In Cambodia’s 'great lake', the Tonle Sap, where most large-scale inland fishing takes place, fishers report the rampant use of illegal fishing methods and declining fish catches.

Several Mekong fish species are now endangered and both the number and size of fish caught has steadily declined. In fact, recent data demonstrates a pattern of increasing catch and increasing fishing effort followed by a declining catch with a sustained effort, typical of an over-exploited population.
 / ©: WWF
Threat to the River: over-fishing
© WWF

For instance, a century ago, the Mekong Giant Catfish was found along the entire length of the river from Vietnam to southern China. Since then, however, populations have dropped precipitously. Scientists estimate that the total number of Mekong Giant Catfish has decreased about 90% in just the past two decades.

WWF recently helped broker a voluntary ban on this species with Thai fishers. In Laos as early as 1890, a large fishery developed for the Mekong Giant Catfish but by 1940, declines were observed in northeast Thailand.

Large fish species including the Mekong giant catfish, the river catfish, the giant carp, and the giant stingray in the Mekong are in decline, indicating possible 'assemblage overfishing'.

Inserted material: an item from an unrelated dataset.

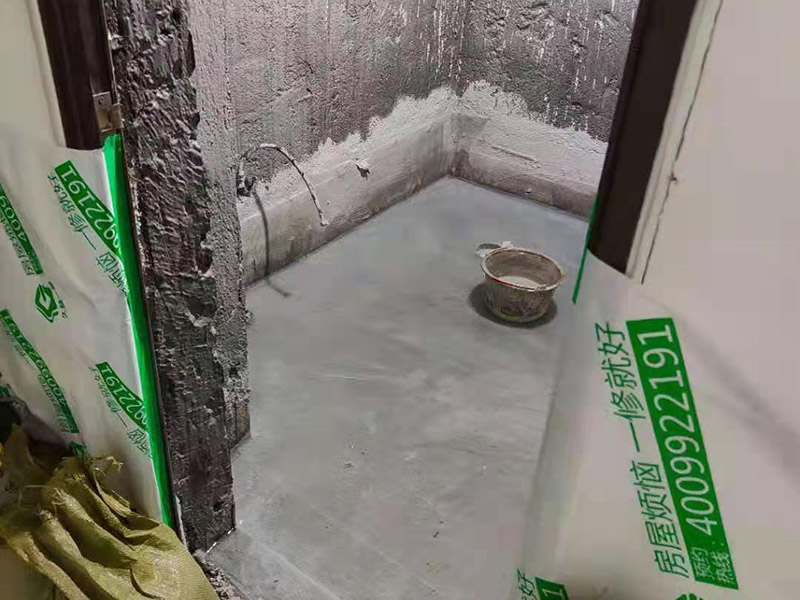 浴室防水成品保護：衛(wèi)生間洗浴時會濺水到鄰近的墻上，如沒有防水層的保護，隔壁墻和對頂角墻易潮濕發(fā)生霉變。所以一定要在鋪墻面瓷磚之前，做好墻面防水，一般防水處理中墻面要做30厘米高的防水處理，但是非承重的輕體墻，就要將整面墻做防水，至少也要做到1.8米高。 在鋪地磚之前，就一定要做好防水工程；在瓷磚鋪設(shè)之后，要保證磚面有一個泄水坡度(一般以1%左右為宜)，坡度朝向地漏，有利于廢水排放。 為了有好的防水效果，防水涂料一定要涂刷三遍，單組分環(huán)保型聚氨酯涂料的干透期在3~4天左右，如果在陰雨天涂刷防水材料，防水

In the Mekong, uncertain fishing rights, over-fishing and illegal fishing have taken a heavy toll on fish stocks. People illegally use small-meshed mosquito nets to capture fish (which catch juveniles as well as adult fish), electro-shock fish with car batteries, and increasingly over-harvest fish with poison. Inherited from colonial times, the Cambodian government has managed its fisheries according to a concession system that enables unfair access, corruption and occasionally violent disputes.

The productivity of the Mekong River underscores the importance of this region in providing millions with food, but creates the misleading impression that its resources are limitless. It is clear, however, that unsustainable fishing practices and levels of harvest, along with changes in water flows induced by new dams, threaten the permanence of this wealth.